Je compose des chansons depuis que je suis enfant. En réalité, l’expérience et l’amour de la musique précède chez moi celui de la philosophie. En tous cas, je ne suis pas devenue une meilleure ou une moins bonne musicienne après avoir obtenu l’agrégation. Pour la musique que je fais, une musique non écrite, enregistrée, le chemin est à la fois plus court et plus long que pour l’obtention d’un concours. Il s’agit de trouver son son, de cultiver une idiosyncrasie particulière, des accidents aussi, et d’incarner tout cela avec justesse : c’est l’affaire d’une vie.
SdA – Quels bénéfices avez-vous tiré de la préparation de l’agrégation, était-ce une période fertile de votre vie intellectuelle ?

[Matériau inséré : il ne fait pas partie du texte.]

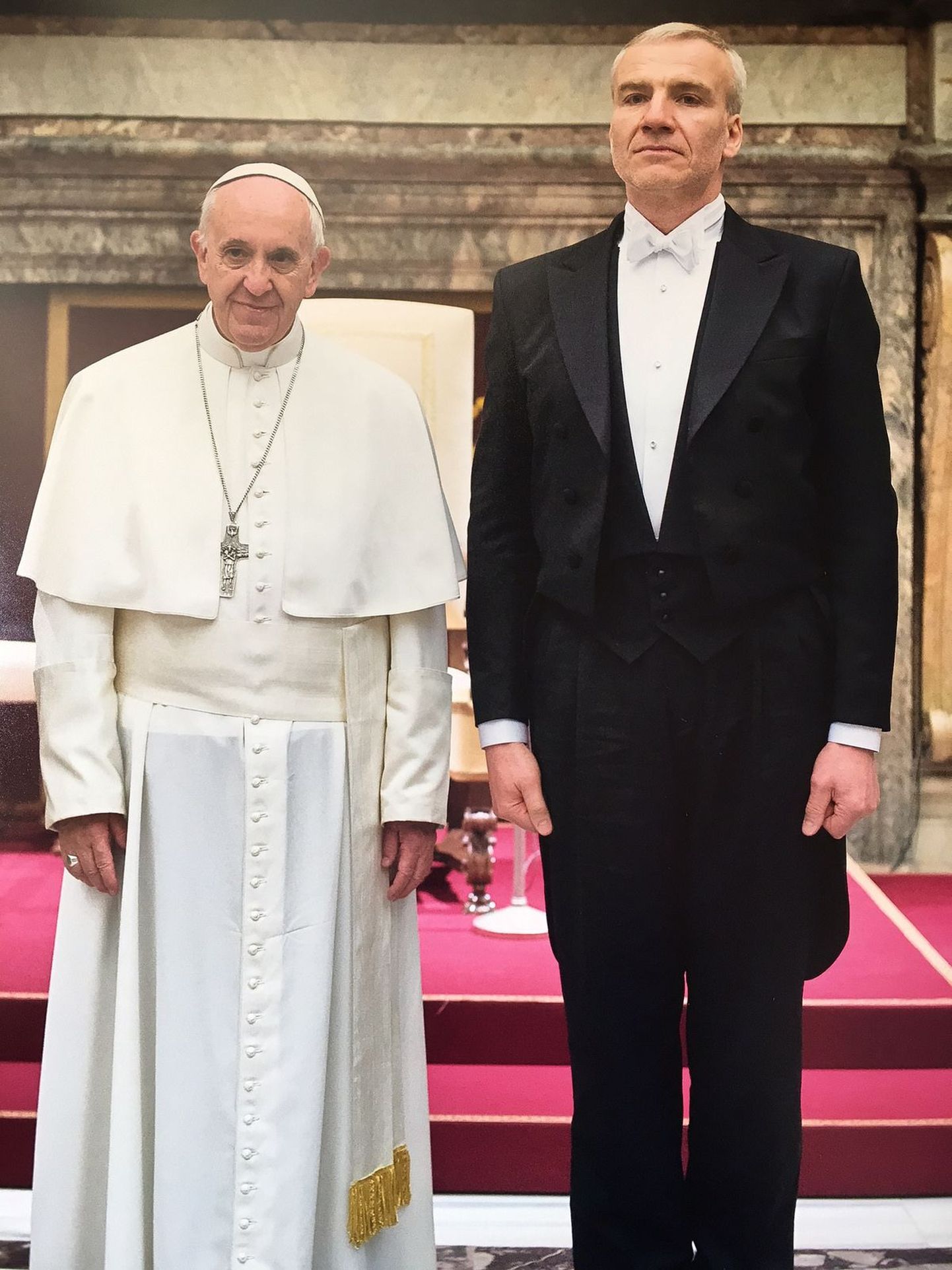 Rooma paavst Franciscus ja Eesti uus suursaadik Püha Tooli juures Väino Reinart.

La préparation à ce concours, bien qu’elle soit cadrée par des exigences de méthode très déterminées, demande un rapport très ouvert à la philosophie, parce qu’il s’agit de se fabriquer le bagage d’un philosophe généraliste (sachant que les années suivantes, si l’on fait une thèse, ce sont des années de spécialisation). Et j’ai aimé cette ouverture, elle me permet aujourd’hui encore de situer ma démarche parmi d’autres, d’articuler mieux mes prises de position théoriques car j’y ai acquis une conscience plus documentée qu’avant des différentes voies de la philosophie.
Par ailleurs, cette année là, j’ai eu l’impression d’apprendre à réfléchir vite, non à plaquer des raisonnements mais à les structurer de façon plus souple, ou pour mieux le dire, plus agile, et c’est aussi une chose très agréable. C’est la dimension presque sportive de la préparation!
SdA – Vos chansons : quelles sont vos sources d’inspiration : pour la musique ? pour les paroles ?
Elles sont très nombreuses, pour la musique, il faudrait remonter à l’enfance… Aux premières émotions musicales : Yves Montand qui chantait «Le roi Renaud », la musique d’Ennio Morricone dans les publicités à la télévision, ou encore ma mère chantant des cantejondos de Garcia Lorca en jouant le rythme du bout des doigts contre la porte. Adolescente, j’étais fan de heavy metal. Et puis j’ai découvert le rock indépendant : Sonic Youth, les Pixies, les Smiths, PJ Harvey. Depuis, j’ai écouté mille choses : comme influences conscientes, je pourrais citer Nico, ses très beaux albums solo, mais aussi des chanteuses françaises comme Brigitte Fontaine, ou la très émouvante Anne Sylvestre. Autour de la sortie d’Adieu l’enfance, j’ai rencontré aussi Christophe, Etienne Daho, Bertrand Burgalat ou Dominique A, des gens qui comptent beaucoup artistiquement pour moi. Concernant les paroles, la plupart des compositeurs précédemment cités sont aussi des auteurs, leur élocution m’inspire aussi. La poésie joue aussi un rôle, la poésie la plus musicale, qui présente le plus d’affinité avec la forme chanson : celle de Clément Marot, de Louise Labbé ou de Verlaine, celle de Philippe Jacottet dans Quelque chose noir, et puis, au-delà de la langue poétique elle-même, des histoires : j’ai toujours aimé la mythologie grecque, on en retrouve des traces dans mes chansons, depuis très longtemps, ou des histoires plus disparates, comme celle de « La folle de Montcalm », cette femme sauvage retrouvée dans les montagnes ariégeoises au XIXe siècle et qui fut capturée, histoire qu’en un sens j’ai pu avoir en tête, parmi d’autres aventures d’enfants sauvages en écrivant la chanson « Senga » qui ouvre mon dernier album, Triomphe.
SdA – Que diriez-vous aux jeunes agrégatifs qui passent l’agrégation cette année ?
Je dirai qu’elle mène à tout, et que j’en suis la preuve. Et je leur souhaiterai aussi bonne chance car ça reste un concours difficile!